ROANOKE TIMES

                         Roanoke Times
                 Copyright (c) 1995, Landmark Communications, Inc.

DATE: MONDAY, September 12, 1994                   TAG: 9409150003
SECTION: EXTRA                    PAGE: 1   EDITION: METRO 
SOURCE: BY JOE KENNEDY
DATELINE:                                 LENGTH: Medium


UPON RETURNING FROM THE BEACH

``Moonstruck.''

You'll have to excuse me. I'm still recovering from a trip to the beach. I hadn't been there for two years. Things had changed.

``Moonglow.''

Don't get me wrong. The important things, the things you drive all that way and spend all that money for, were as good as ever: nice weather, cool breezes, plenty of sunshine. But something seemed different, and it took me a while to figure out what it was.

``Moon River.''

After a day or two of sitting by the surf, I began to get a handle on it. It was the swimsuits - the women's swimsuits, I mean.

``How High the Moon.''

Years ago, bikinis were the thing. Then there was the string bikini rage, favored by Sports Illustrated models and very few others, as far as I could tell.
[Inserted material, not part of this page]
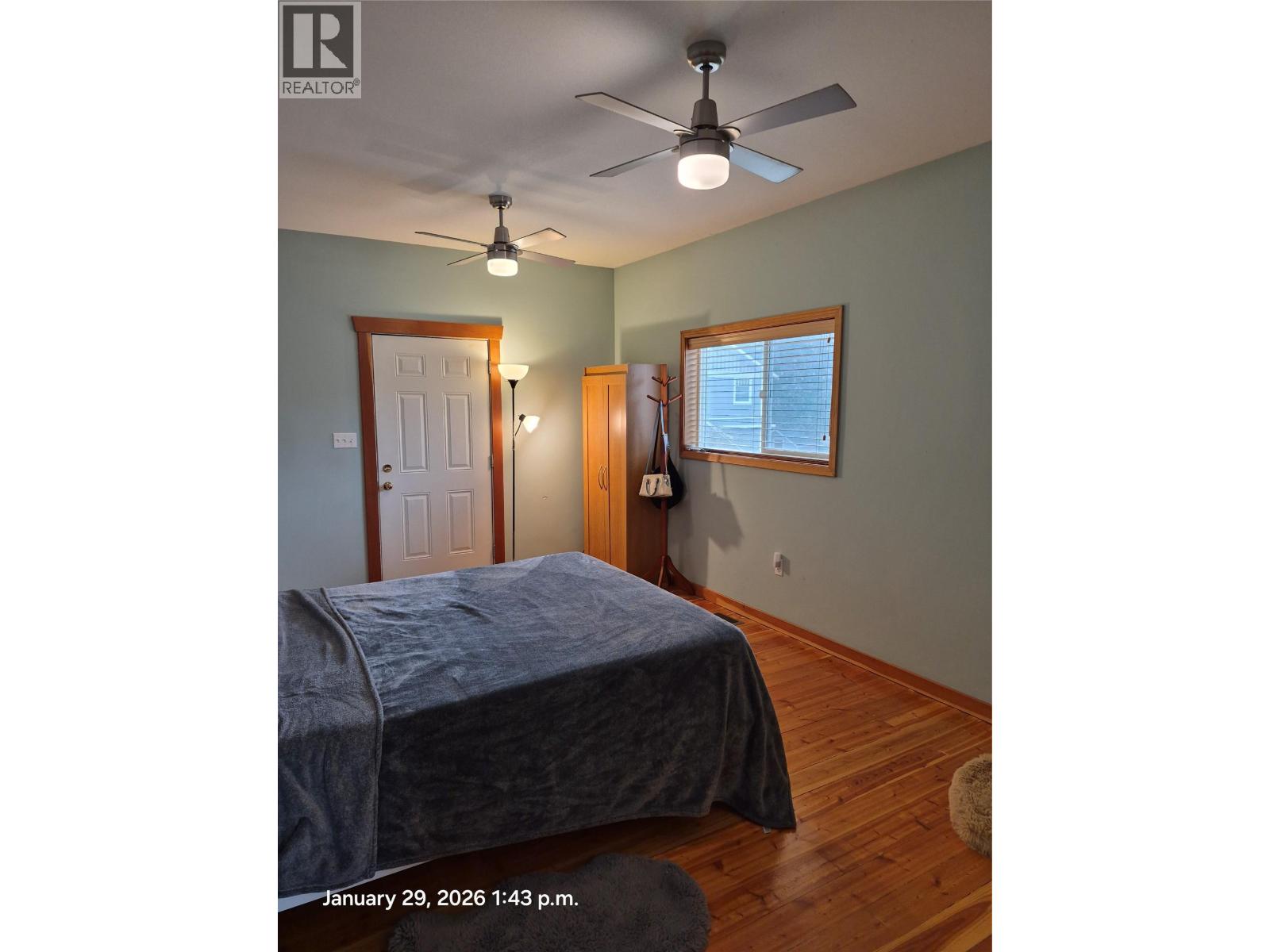 1421 Pine Street Unit# A + B, Merritt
This time, nearly every suit, one-piece or two, shared a single characteristic: They were hitched way up in back and on the sides, leaving little, as they say, to the imagination.

``Moonlight Sonata.''

For years we've heard women complain that male fashion designers secretly hate them and do their best to make them look sillier with each passing season. At the beach, I began to see what they mean.

``Moon Over Miami.''

I suppose there is a woman somewhere whose appearance is improved by the exposure of certain major anatomical parts that normally are covered, but that woman was not at the beach where I was.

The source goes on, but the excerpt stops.